American providers postpone introduction of 3.7GHz-5G due to airports

The two US telecom providers Verizon and AT&T are delaying the rollout of C-Band-5G for two weeks, after a request from the US government and the airline industry. This sector fears that the higher 5G frequencies could disrupt altimeters.

The telecom providers now want to offer the C-Band-5G from January 19, Reuters writes. Initially, the providers wanted to sell the 5G service from Wednesday 5 January. The telecom companies want to use the coming weeks to conduct research with the telecom sector and the government into the disruptive effects of 5G and how these can be prevented.

The problem revolves around the 5G frequencies from 3.7GHz to 3.98GHz, writes the Federal Aviation Administration. These are too close to aircraft altimeters, which use the 4.2GHz to 4.4GHz frequency band. The FAA therefore banned the use of landing systems in regions where 5G frequencies could disrupt these systems at the end of last year. These systems are normally only used during low visibility periods; aircraft may therefore not land under this measure if visibility is poor and 3.7GHz-5G is active.

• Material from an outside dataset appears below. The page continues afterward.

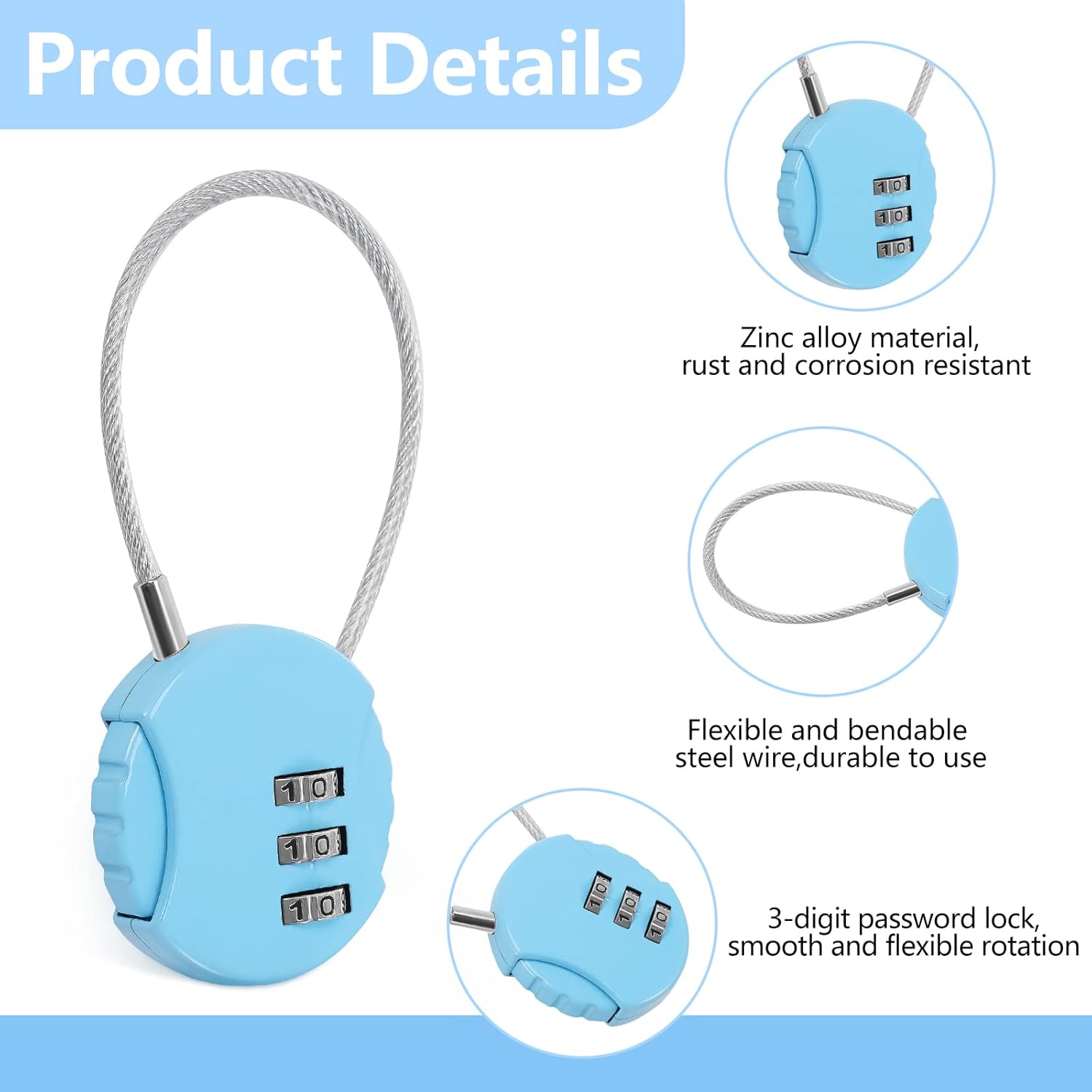 8 Pack Combination Wire Lock 3 - Backpack Lock Combo recension och pris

The FAA has said it has been warning about the disruptive effects of 5G since 2015 and thanks the two carriers for voluntarily delaying the use of the frequencies. The providers had previously promised to set up exclusion zones around airports, where the C-Band-5G frequencies will not be used. However, the FAA does not think these exclusion zones are large enough. The distribution of C-Band-5G has also been postponed in the Netherlands, here because satellite communication company Inmarsat uses the frequency band.